● **Problem to solve**
Below are some records. Set down exactly the line holding "特立尼达和多巴哥共和国贸易和工业部长斯库恩一行到访书香门地集团" and every later line through the end, omitting the pictures.

[[ Data, beginning ]]

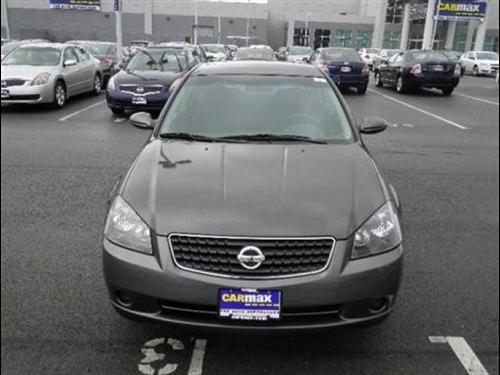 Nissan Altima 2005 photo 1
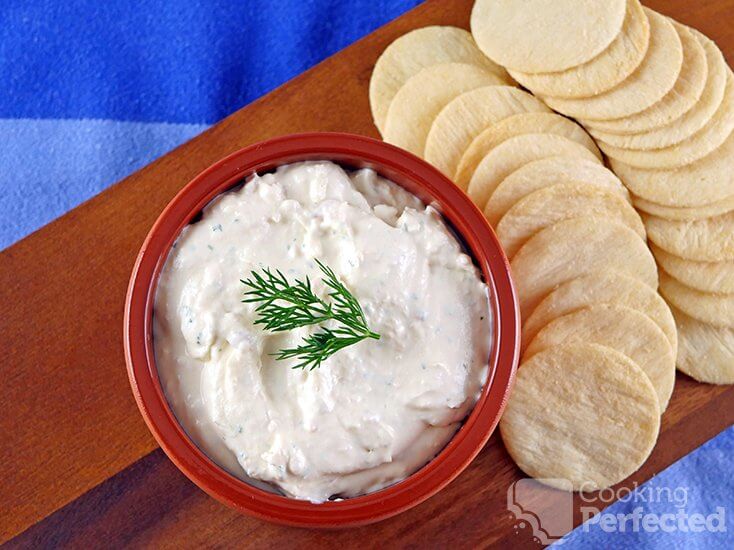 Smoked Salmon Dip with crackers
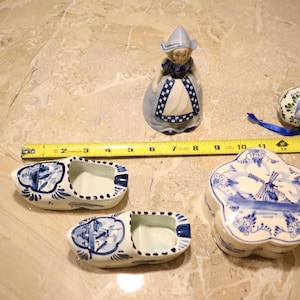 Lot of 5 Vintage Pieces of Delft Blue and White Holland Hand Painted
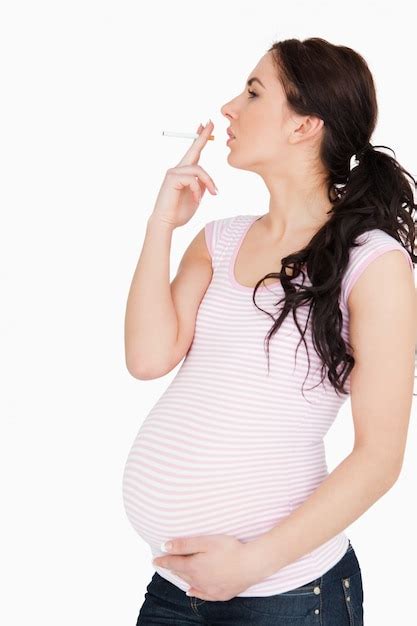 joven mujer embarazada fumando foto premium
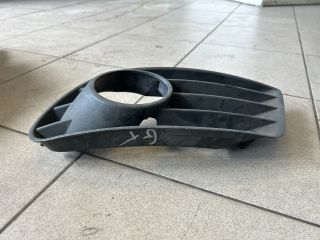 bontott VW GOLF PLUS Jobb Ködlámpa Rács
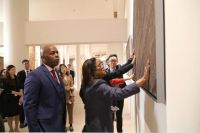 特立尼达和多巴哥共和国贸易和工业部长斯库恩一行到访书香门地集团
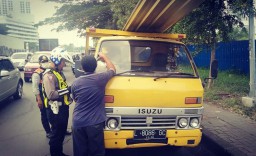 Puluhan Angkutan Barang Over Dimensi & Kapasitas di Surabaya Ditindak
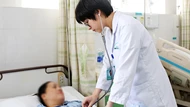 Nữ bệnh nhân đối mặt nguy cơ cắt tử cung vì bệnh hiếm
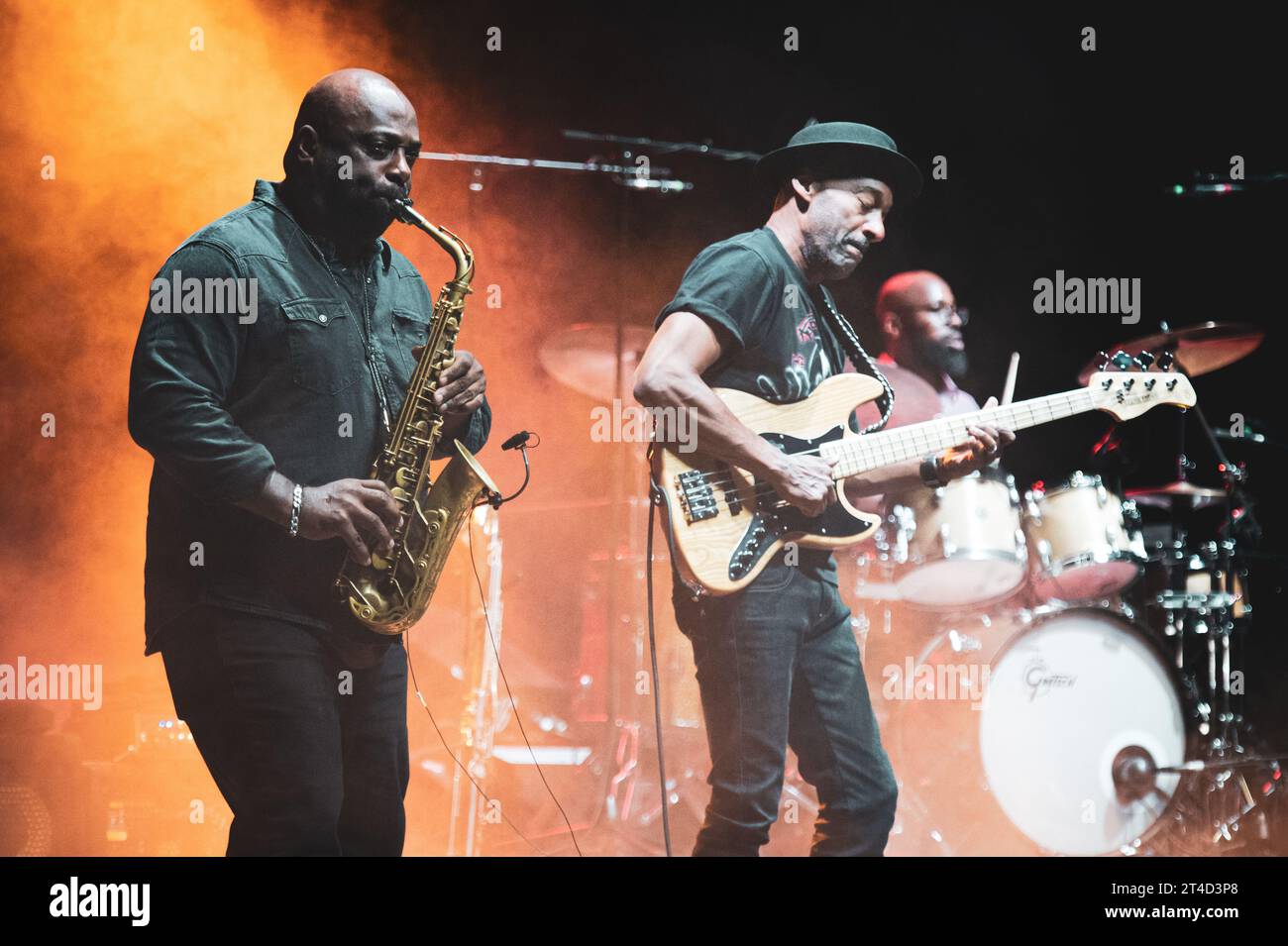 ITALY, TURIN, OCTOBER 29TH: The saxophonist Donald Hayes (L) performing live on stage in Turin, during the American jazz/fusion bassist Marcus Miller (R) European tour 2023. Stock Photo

[[ Data, end ]]

● **Exercise solution**
 特立尼达和多巴哥共和国贸易和工业部长斯库恩一行到访书香门地集团
 Puluhan Angkutan Barang Over Dimensi & Kapasitas di Surabaya Ditindak
 Nữ bệnh nhân đối mặt nguy cơ cắt tử cung vì bệnh hiếm
 ITALY, TURIN, OCTOBER 29TH: The saxophonist Donald Hayes (L) performing live on stage in Turin, during the American jazz/fusion bassist Marcus Miller (R) European tour 2023. Stock Photo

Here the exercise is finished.